Ratner was quickly replaced by veteran producer Brian Grazer, who will shoulder the burden of putting together the 2012 show with only a few months before it will air while contending with the disarray left in the wake of Ratner's departure.
Though co-producer Don Mischer (who produced last year's show, and has extensive experience producing live events, like the Olympics opening ceremony and the Primetime Emmys, for TV) has remained on board, he and Grazer will have a tough task in getting the show back on track by Feburary.
So what does an Oscar producer even do?
Murphy's replacement is probably the first hole the producers must fill. Part of their duty is, after all, to find an appropriate host for the show, in keeping with whatever thematic framework they might be working with. And as last year's hosting fiasco proved, the host can't just change into costumes and insert quips between awards.
In addition to the host, the producers must figure out who will pick the awards presenters in each category, and then wrangle those actors into agreeing. All of these decisions, however, are part of a larger story the producers put together. Last year, the Oscars, produced by Mischer and producer Bruce Cohen, ran on a "movie history" platform, with segments looking back on previous cinematic triumphs intercutting the action and Anne Hathaway's dress-up dance numbers for color.
The goal is to keep audiences entertained -- part of the reason the Oscars have sought year after year to shorten the ceremony, which hovers near three hours in length. Cutting off actors mid-triumphal-speech is the norm. The producers have the challenge of trying to keep things running smoothly, and quickly.
Ratner's plan, at the time, was in infusing the Oscars with humor.
"They said: 'You love comedy. You love to laugh, and we want to bring entertainment value and comedy to this show,' " Ratner said in the LA Times when he was chosen." "I'm a laugher and a lover of comedy. That is what's going to make the show work."
And, before he left, he was on track to do just that, hiring screenwriters off shows like "Curb Your Enthusiasm" and "Saturday Night Live" to pen the words you hear presenters reading off of the teleprompter.
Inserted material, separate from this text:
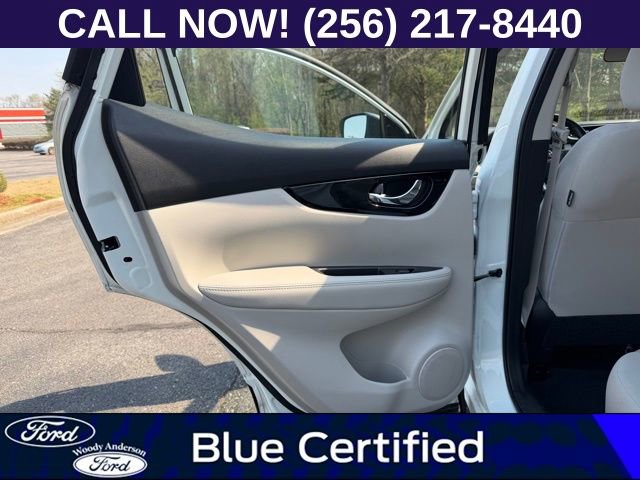 Used 2022 Nissan Rogue Sport SV image 24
After all of that, comes the endless list of administrative checklists that keep any show running smoothly -- making sure people are where they need to be when they need to be there, doing what they've been told to do, in the way they've been told to do it. It's figuring out things like who will perform, and for how long, and in what way, and how to transition between sequences with a minumum of awkward -- and keeping it that way for when the show actually happens.
The debacle is an embarrassment to the Academy of Motion Pictures and Sciences, whose Oscar efforts in recent years have shown their desire to rehaul the show to appeal to younger audiences. Appointing Ratner -- a director whose previous hits include "Rush Hour" and "The Family Man" -- seemed part of this effort to re-engage people who've long since decided that the broadcast is a bore.
The scandal is less boring. But for Grazer and Mischer, what remains now is to make sure the Oscars are, as well.